**WHAT YOU WILL DO**
From the line containing "A3D Torpido Koruma" down to the last line of the listing, quote everything word for word, and nothing else, keeping pictures out.

**RECORDED INFORMATION**

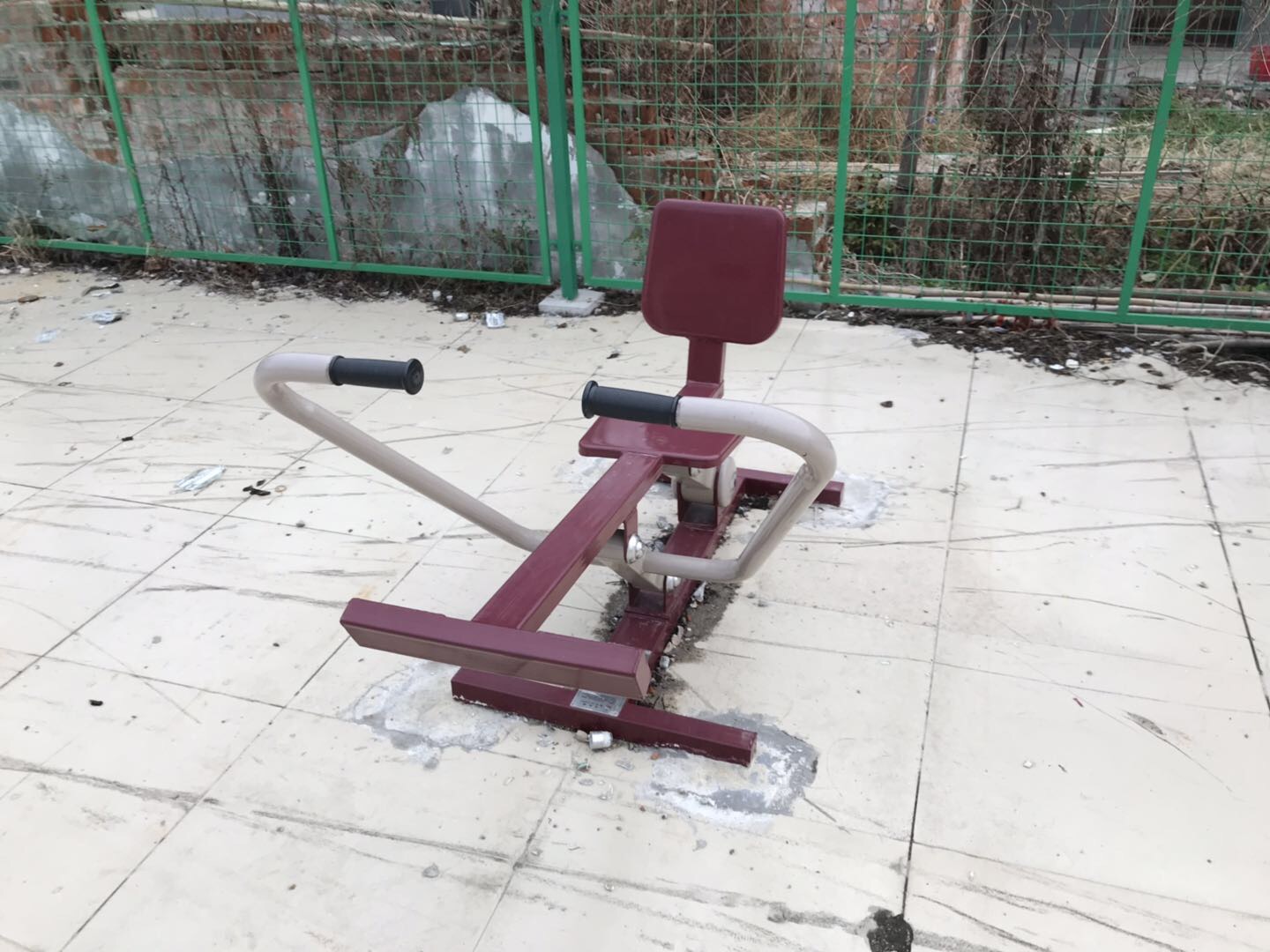 劃船器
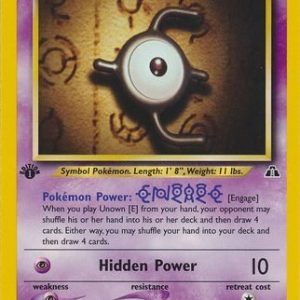 Unown [E] - 67/75 - 1st Edition
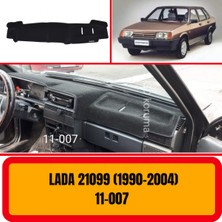 A3D Torpido Koruma Lada 21099 (1990-2004) Ön Göğüs / Panel /  Torpido Koruması - Kılıfı - Halısı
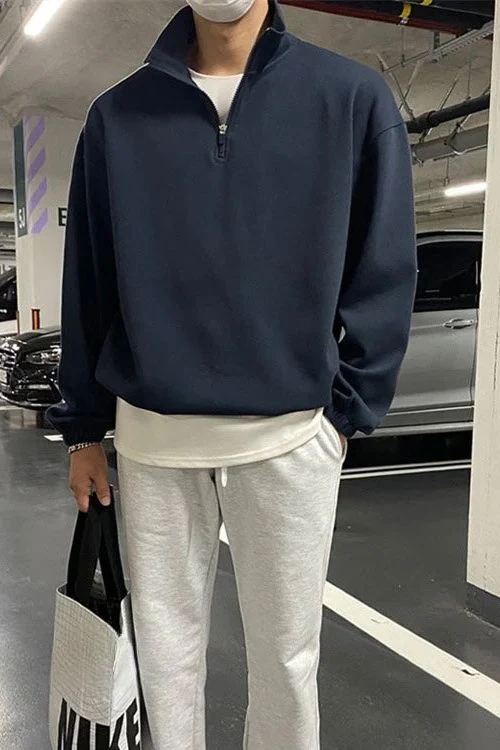 INCHEON Fleece Quarter Zip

**TASK ANSWER**
 A3D Torpido Koruma Lada 21099 (1990-2004) Ön Göğüs / Panel /  Torpido Koruması - Kılıfı - Halısı
 INCHEON Fleece Quarter Zip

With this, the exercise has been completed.